7. Il résulte de tout ce qui précède, sans qu'il soit besoin de se prononcer sur la recevabilité de la requête, que le requérant n'est pas fondé à soutenir que c'est à tort que, par le jugement attaqué, le tribunal administratif de Toulouse a rejeté le surplus de sa demande.
Sur les frais liés au litige :
8. Les dispositions de l'article L. 761-1 du code de justice administrative font obstacle à ce que soit mise à la charge de l'Etat, qui n'est pas la partie perdante dans la présente instance, une somme à verser au requérant, au titre des frais exposés et non compris dans les dépens.
D E C I D E :
Article 1er : La requête de M. A... est rejetée.
Article 2 : Le présent arrêt sera notifié à M. C... A... et au ministre de l'économie, des finances et de la souveraineté industrielle et numérique.
Copie en sera adressée à la direction du contrôle fiscal Sud-Pyrénées.
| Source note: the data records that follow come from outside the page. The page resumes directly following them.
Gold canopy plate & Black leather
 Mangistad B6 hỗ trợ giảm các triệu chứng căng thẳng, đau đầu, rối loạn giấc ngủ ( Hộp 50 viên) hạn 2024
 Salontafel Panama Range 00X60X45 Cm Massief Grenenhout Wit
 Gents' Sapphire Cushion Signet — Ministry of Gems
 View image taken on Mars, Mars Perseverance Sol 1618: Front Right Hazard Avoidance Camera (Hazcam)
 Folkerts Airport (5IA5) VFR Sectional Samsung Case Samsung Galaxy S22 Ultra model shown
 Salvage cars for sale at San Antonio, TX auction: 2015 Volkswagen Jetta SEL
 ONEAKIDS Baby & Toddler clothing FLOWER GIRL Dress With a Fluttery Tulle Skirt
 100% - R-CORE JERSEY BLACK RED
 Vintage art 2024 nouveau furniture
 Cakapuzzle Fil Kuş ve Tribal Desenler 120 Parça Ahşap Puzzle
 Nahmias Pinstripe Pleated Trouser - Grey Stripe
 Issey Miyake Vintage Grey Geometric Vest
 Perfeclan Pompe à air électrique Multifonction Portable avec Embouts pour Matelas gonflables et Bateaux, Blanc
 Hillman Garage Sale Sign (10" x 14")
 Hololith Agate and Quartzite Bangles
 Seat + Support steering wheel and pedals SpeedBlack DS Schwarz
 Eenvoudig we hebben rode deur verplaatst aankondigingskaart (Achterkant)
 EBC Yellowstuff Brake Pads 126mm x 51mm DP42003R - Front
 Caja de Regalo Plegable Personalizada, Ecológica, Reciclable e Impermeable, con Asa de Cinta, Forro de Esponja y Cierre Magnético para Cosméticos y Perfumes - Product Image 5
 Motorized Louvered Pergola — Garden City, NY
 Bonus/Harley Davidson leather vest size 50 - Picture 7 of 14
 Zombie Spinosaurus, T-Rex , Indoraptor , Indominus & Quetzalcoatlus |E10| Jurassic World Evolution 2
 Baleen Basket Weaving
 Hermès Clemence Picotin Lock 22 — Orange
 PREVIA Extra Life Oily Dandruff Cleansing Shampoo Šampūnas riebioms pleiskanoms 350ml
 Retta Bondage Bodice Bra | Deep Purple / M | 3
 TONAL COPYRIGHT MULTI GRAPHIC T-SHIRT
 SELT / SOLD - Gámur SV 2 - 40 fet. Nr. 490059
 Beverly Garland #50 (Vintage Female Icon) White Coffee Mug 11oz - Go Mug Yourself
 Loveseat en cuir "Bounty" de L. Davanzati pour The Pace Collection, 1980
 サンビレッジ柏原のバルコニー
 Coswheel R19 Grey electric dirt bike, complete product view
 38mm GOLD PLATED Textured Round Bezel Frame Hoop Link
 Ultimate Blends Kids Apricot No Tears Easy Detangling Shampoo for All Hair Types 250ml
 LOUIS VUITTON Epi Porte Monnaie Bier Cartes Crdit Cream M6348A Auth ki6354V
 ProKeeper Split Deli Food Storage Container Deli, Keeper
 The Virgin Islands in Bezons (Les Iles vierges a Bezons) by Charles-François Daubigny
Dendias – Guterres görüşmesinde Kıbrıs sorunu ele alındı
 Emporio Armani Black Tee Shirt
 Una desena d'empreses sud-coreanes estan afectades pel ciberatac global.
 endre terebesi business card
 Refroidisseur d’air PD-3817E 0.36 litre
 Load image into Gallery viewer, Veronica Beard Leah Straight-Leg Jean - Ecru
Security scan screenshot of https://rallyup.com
Délibéré après l'audience du 23 juin 2022, où siégeaient :
- M. Barthez, président,
- Mme Fabien, présidente assesseure,
- Mme Restino, première conseillère.
Rendu public par mise à disposition au greffe le 6 juillet 2022.
La rapporteure,
V. B...Le président,
A. Barthez
Le greffier,
F. Kinach
La République mande et ordonne au ministre de l'économie, des finances et de la souveraineté industrielle et numérique en ce qui le concerne ou à tous huissiers de justice à ce requis en ce qui concerne les voies de droit commun contre les parties privées, de pourvoir à l'exécution de la présente décision.